# Data provided
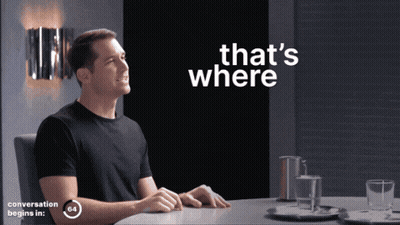 Man Sitting At Table With Text GIF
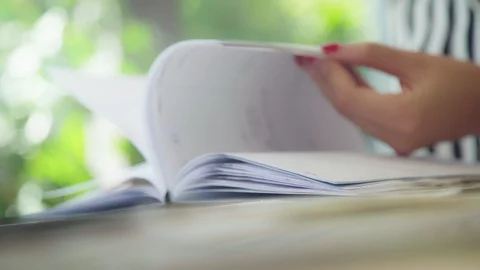 Close-up: women's hands flipping through a diary with a bookmark Stock-Footage 94378846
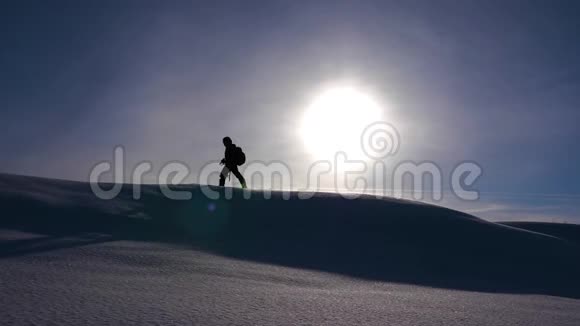 旅行者在阳光下在雪山上行走冬天的摄影师旅行者穿着黄色的光芒登上雪岭视频的预览图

# How to complete this task
The lines from the one containing "Close-up: women's hands" through the last line of the data above are to be transcribed exactly, both included, with all pictures left out.

# Answer area
 Close-up: women's hands flipping through a diary with a bookmark Stock-Footage 94378846
 旅行者在阳光下在雪山上行走冬天的摄影师旅行者穿着黄色的光芒登上雪岭视频的预览图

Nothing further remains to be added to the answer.